Cuando escribo este comentario es grave el estado de salud del Papa emérito Benedicto XVI, quien en febrero de este año, a sus 95, escribió una carta valiente sobre el tema de la muerte, la “puerta oscura” que se prepara a cruzar. Su visión no está exenta de preocupación, sin embargo, ha dicho que no debemos temer hasta el punto de desfallecer, ya que en la óptica cristiana el juez es también abogado y amigo.

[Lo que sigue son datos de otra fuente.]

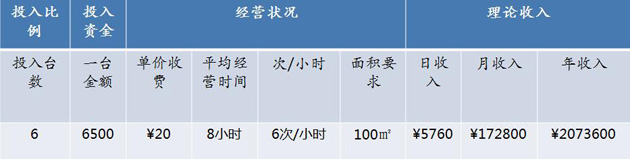 游樂(lè)設(shè)備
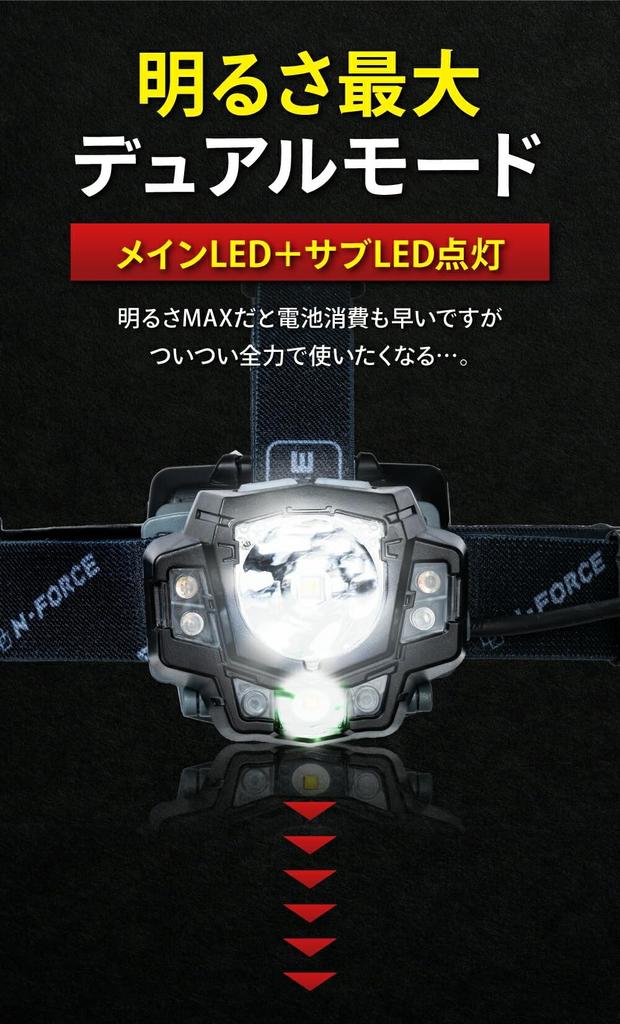 Battery Operated LED Head For Outdoor Mountain Disaster Prevention Work Disaster Prevention Headlight, Headlamp, Waterproof, Light, Fishing, Use,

“No pues cuestiones de fe”, dirá alguno, en un tiempo en el que el vestido amarillo, las uvas y la maleta dando vueltas por la calle parecen desplazar las preguntas sobre el sentido último del tiempo y de la realidad. Pero, aunque sea a fin de año y ante la partida inminente de un mahatma (alma grande, como diría el poeta Tagore) de Occidente, cuyo relativismo moral deconstructivo denunció en su momento Ratzinger, me permito mencionar aquí el nombre casi cancelado de esa misteriosa puerta de la muerte. Es un lujo que podemos darnos al menos una vez en el año: mencionar el alma, el misterio, la muerte y la pregunta sobre el sentido.
Es verdad que el posmoderno se hastió de la petulancia de la razón envilecida por el materialismo cruel. Se cansó de crecer y nunca desarrollarse, pues no es lo mismo. Y repudió la insipidez de esta razón endiosada por sus padres, que fue capaz de comerciar con la vida, desahuciar al pobre, premiar al malvado, deshacerse de la inocencia en el sistema, perseguir a muerte al justo… Si Dios ha muerto, podría desaparecer la línea del bien y del mal, marcada por la conciencia moral y es posible que la angustia se vaya, dicen. Por eso, no quieren hablar de la muerte. Pero es una trampa. Porque eliminar el Sol, no cancela la oscuridad ni el invierno. Si no hay verdad sobre el sentido de la vida, solo queda el poder como en la selva oscura… Y así vemos como los nuevos caciques de la aldea global caen en errores mayores que les traen consecuencias peores que las de sus padres: la soledad, la tristeza, la indiferencia.
¿No sería mejor recuperar el sentido y abrazar la realidad? No olvidemos que existe también en nosotros, las fragilizadas personas del siglo XXI, la misma imperiosa necesidad de darle nombre al misterio de nuestra existencia. Nuestra tradición cultural realista es rica en expresiones que nos advierten que “no podemos tapar el Sol con el dedo”.
No nos bastarán esa compasión de telenovela, la solidaridad universal a fuerza de agendas ponzoñosas, el despilfarro mediático de nuestra emotividad, el neopaganismo insípido, ni el afán de control político o económico deshilachado moralmente… La famosa caída de Occidente que tanto pregonan los nuevos bárbaros del progresismo-caviar, quienes se sacian en la mesa burguesa que les sirvieron sus detestados padres, no acabará con la hipocresía ni las asimetrías, ni con toda la tristeza de su desamor…
Por eso, agradezco a gente de la altura intelectual y moral de Joseph Ratzinger, que no acalla aquel malestar del alma ante el peso de la culpa, ni el miedo ante la muerte, pero tampoco acalla el deseo de trascendencia en Dios, ni el llamado a buscarle desde el interior. Recomiendo releer sus cartas sobre el amor en la verdad, la esperanza y la luz en el mundo. Es verdad que estamos heridos, “es tarde y anochece”, pero también es cierto que más que nunca hace falta el coraje del niño que pregunta mirando fijo a la cara.
Recordando a Narnia y su ropero misterioso, donde Lewis supo expresar con ropaje mitológico la fascinación que la aventura existencial sin censuras al sentido religioso provoca, como vocación humana universal; con Sol, con preguntas, con identidad, con la apertura a la posibilidad de que encontremos algo esencial, vivo, bueno, verdadero y bello, tal como es, por ejemplo: el perdón, que nos permita comenzar todo de nuevo.
Bienaventurado viaje hacia la dicha, Benedicto XVI, y gracias por llamar a las cosas por su nombre. Feliz y próspero Año Nuevo para todos.